Long time listener, first time caller (commenter)... thanks for writing this! I am a digital subscriber to the NYT and I had not seen or heard about the piece (clearly I am insufficiently active on social media). I agree with you on the failed juxtaposition of "cancel culture" and active legislative attempts to invalidate and criminalize speech, but I'm in more violent agreement with the revelation (which should not be revelatory to the NYT editorial board) that free speech is not now (nor has it ever been) free of social consequences. Ever since I found my voice I have always been an outspoken person and I have taken a ton of grief for it over the years. In other words, I've never operated under the notion that the constitution should protect me from the fallout of my words.
Also, my grandma never told me that bull$h!t about not saying something nice, either. They were two peas in a pod those two...
Finding my voice (and knowing what I thought or felt about some topic) was a huge part of my development into being a grownup.
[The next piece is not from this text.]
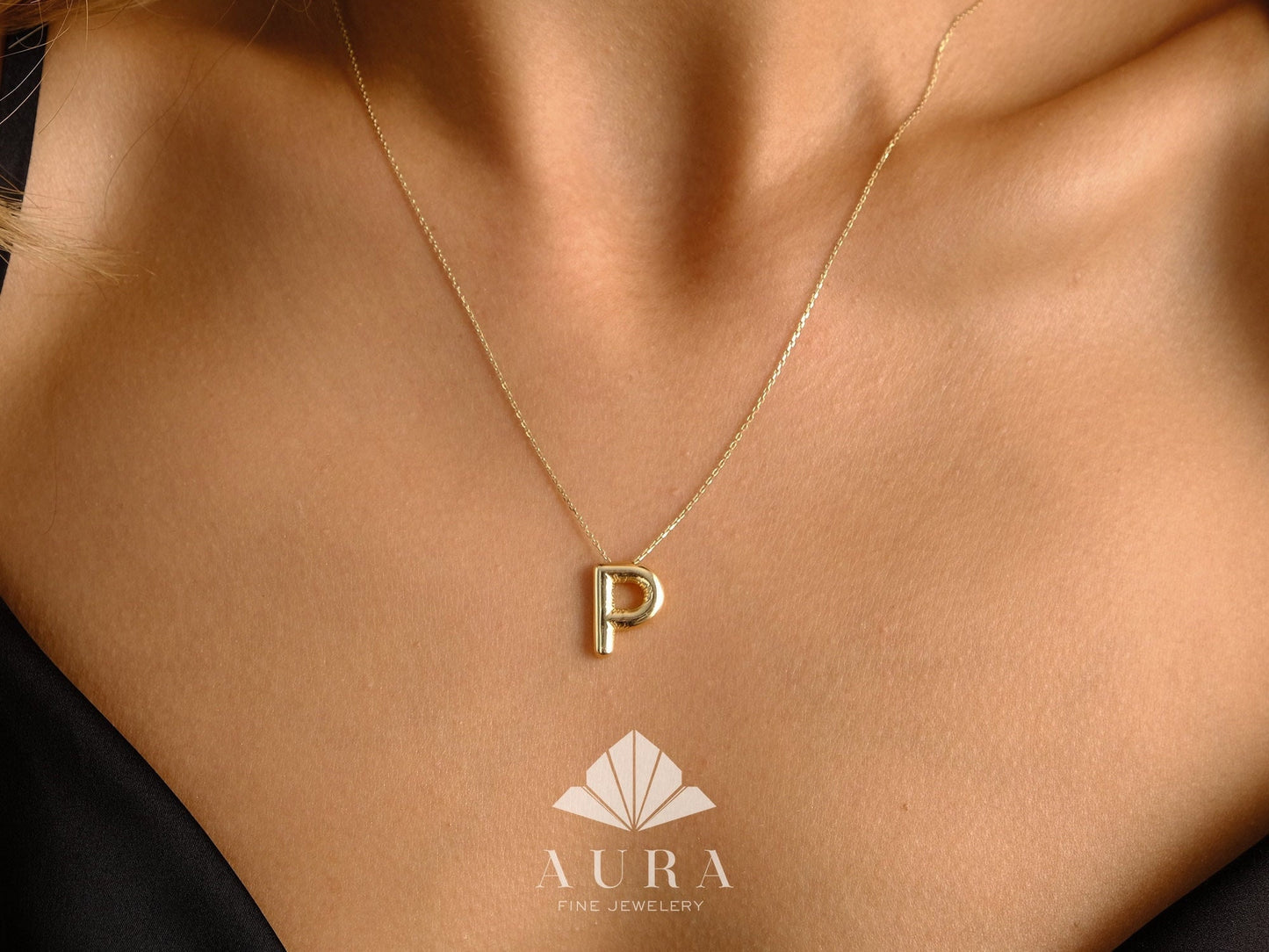 14K Gold Balloon Initial Necklace, Puff Letter Pendant, Balloon Letter Necklace, Tiny Letter Charm, Personalized Name Necklace, Gift For Her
Feeling shame and doing better was too. Thank you for more clearly saying this than most everyone else I read online.
Right, and sometimes that discussion sheds light on the fact that those values are NOT shared, and then the community sets about adjudicating what those values should be and/or whether they can be shared. What is called "cancel culture" so often has to do with people holding different understandings of what they think those shared values should be and then responding vehemently when someone else expresses an opinion in that betrays a different understanding of the value.
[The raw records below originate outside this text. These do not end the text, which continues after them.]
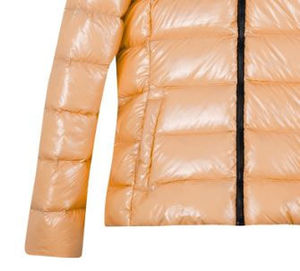 Orange Women's Hooded Quilted <b>Jacket</b> Full Sleeve <b>Winter</b> Puffer Zipper Closure Solid Color Lightweight <b>Waterproof</b> Windproof - Product Image 6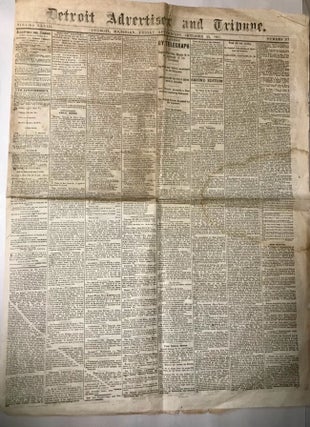 Item #24808 Civil War Era Newspaper Detroit Advertiser and Tribune. October 23, 1863. Detroit,...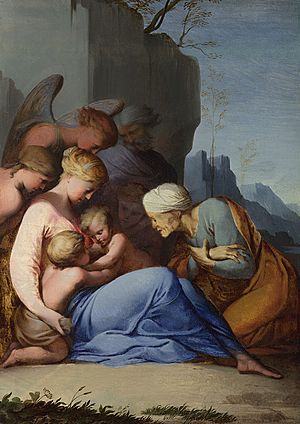 Baugin - Sacra Famiglia con angeli e santi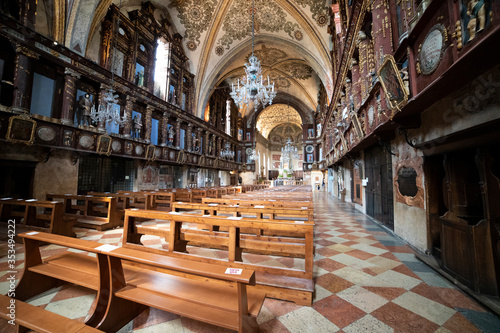 фотографія Interior view in Santa Maria delle Grazie Sanctuary in Curtatone, Italy, famous for the crocodile hanging from the ceiling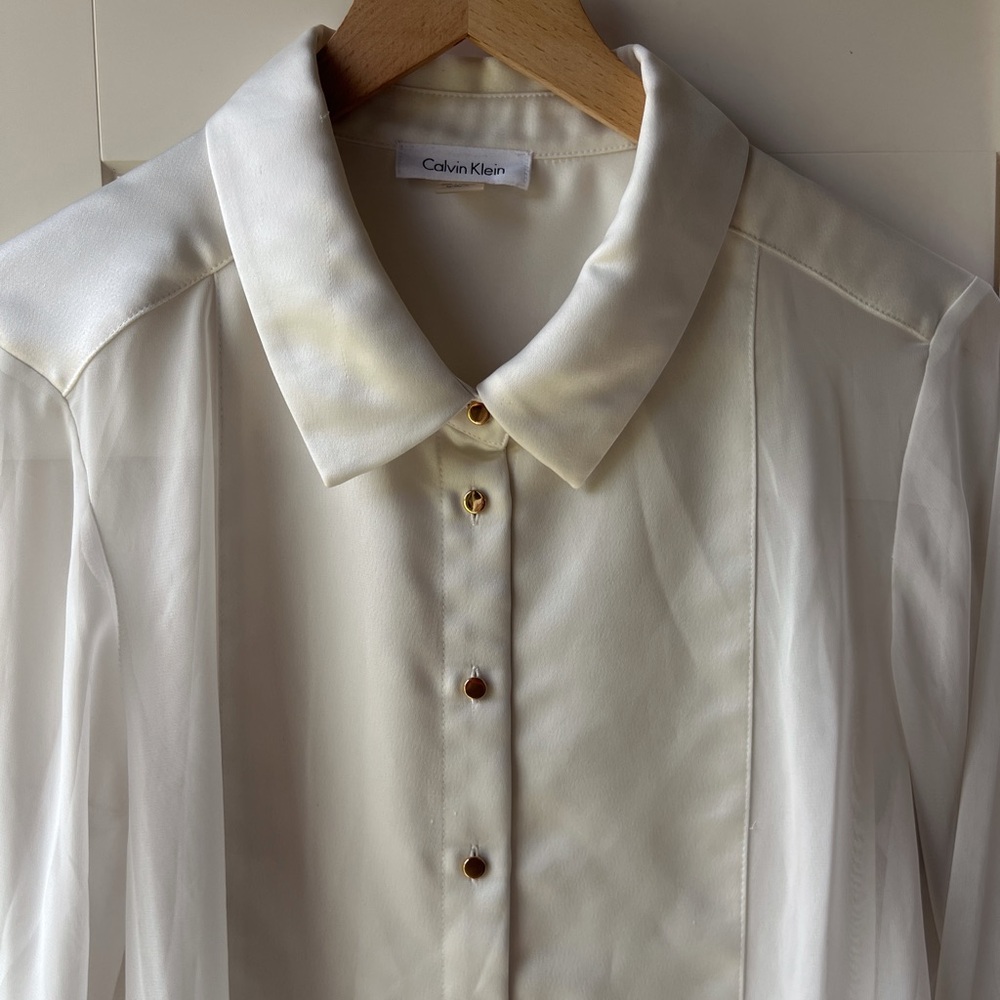 Off-White Sheer Panels Button-Down Shirt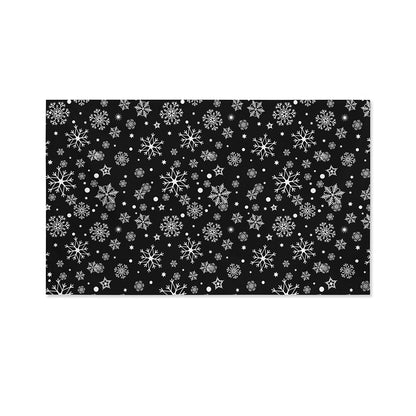 Black And White Snowflake Pattern Print Polyester Flag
The GOP legislative efforts to limit the speech activity of public servants is the result of a lawful political process. (Public employees do not have 1a rights at work, see Garcetti.) The remedy to legislative overreach could not be clearer: elect different representatives who will pass better laws. The policies might be wrong, but we have a set of rules so we can change them.
The corporate infringement upon political expression is much more pernicious because there is not a political remedy. If Amazon, or Haliburton, or Yale decide that certain political expressions are disqualifying for anyone who wishes to work for them, they are not violating anyone's 1a rights, but they are infringing upon the political sphere in ways that are difficult to undo. We can't easily undo them because we can't vote out the board at Amazon, or Haliburton, or Yale Law.
And sure, companies have always tried to use their power over employees to serve their political interest. The difference is that, during the GWB administration, when companies were pressuring employees to donate to, and support political candidates favorable to those industries, we on the left objected to threatening employees' livelihoods to compel political cooperation against their own interests.
If you think that you are simultaneously expressing the muffled voice of the unheard and getting Ivy League universities and Fortune 100 companies to enforce your opinions through threats to the livelihoods of the wage slaves that work for them, perhaps it is time to reassess.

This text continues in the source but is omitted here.